As he approaches actual graduation day, he has a few more items on his agenda to complete the process. When asked why he kept at it after the set backs, he said he decided that he had brought it this far, he might as well take it all the way.
Bierman has lofty goals for his life. He says he has always wanted to serve his country since he was young and his academic abilities allowed him enter the academy.
He plans on majoring in history at the academy and when he graduates he will be commissioned as a Second Lieutenant with a minimum five year commitment to the Army. He says he plans to make a career of the Army and won't retire until he earns rank as a General. During his career he would like to be able to go to countries like Thailand, Italy and China.
He says his mom was a little apprehensive about his decision to join the military but has come around. His dad was very proud of him and would be no matter what he decided to do. Bierman's family doesn't have an extensive military history but his grandfather did serve in the Navy during the Korean War.

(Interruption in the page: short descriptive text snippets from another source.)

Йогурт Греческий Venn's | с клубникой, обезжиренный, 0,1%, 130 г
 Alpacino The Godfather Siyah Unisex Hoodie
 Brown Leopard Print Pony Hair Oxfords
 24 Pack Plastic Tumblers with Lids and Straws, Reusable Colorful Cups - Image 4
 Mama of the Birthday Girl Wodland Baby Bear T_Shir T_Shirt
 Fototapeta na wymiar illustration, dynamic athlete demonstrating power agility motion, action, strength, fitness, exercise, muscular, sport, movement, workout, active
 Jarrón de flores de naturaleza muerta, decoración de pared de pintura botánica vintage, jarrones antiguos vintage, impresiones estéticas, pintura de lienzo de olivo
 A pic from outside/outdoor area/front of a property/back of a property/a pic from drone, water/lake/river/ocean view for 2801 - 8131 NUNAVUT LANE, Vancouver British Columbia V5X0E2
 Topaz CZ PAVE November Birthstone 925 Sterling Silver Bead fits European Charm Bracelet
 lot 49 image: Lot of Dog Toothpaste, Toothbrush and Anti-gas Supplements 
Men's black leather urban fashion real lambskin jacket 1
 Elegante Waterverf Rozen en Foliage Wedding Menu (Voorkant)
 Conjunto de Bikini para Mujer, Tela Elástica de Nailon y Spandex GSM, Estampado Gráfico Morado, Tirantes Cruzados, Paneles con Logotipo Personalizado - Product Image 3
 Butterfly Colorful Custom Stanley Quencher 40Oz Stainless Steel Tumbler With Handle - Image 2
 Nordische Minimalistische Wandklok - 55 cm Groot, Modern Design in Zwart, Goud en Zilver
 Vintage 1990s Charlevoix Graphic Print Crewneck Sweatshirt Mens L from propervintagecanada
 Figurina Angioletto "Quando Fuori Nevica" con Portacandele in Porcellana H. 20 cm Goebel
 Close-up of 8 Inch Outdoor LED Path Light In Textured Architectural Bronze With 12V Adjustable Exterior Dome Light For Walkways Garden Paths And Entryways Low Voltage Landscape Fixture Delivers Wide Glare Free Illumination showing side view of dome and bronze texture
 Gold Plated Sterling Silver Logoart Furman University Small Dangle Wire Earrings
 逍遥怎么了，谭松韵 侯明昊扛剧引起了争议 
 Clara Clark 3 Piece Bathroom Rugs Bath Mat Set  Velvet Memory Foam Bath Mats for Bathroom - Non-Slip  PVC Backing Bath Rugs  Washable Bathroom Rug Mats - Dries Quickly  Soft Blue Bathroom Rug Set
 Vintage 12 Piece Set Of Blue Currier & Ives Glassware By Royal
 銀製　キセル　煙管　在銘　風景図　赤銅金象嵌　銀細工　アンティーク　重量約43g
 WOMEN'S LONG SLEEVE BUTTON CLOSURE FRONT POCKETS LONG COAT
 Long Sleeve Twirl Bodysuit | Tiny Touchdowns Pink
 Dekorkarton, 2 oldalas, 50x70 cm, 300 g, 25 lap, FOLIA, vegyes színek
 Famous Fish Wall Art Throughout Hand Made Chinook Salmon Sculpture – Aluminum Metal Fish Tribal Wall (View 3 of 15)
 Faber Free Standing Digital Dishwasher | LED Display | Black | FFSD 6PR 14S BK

Bierman says it will be tough not spending what would have been his senior year with his friends and family. He did, however, say, "I am looking forward to being challenged in an environment where people depend on each other." He loves the thought of teamwork and working toward common goals.
He also says that he has been working on developing some better study habits because he knows college courses will be quite different than high school. He knows academics will not come to him as easily as they have in high school. The experience will not all be serious and academics. He says he is looking forward to being able to see the ocean.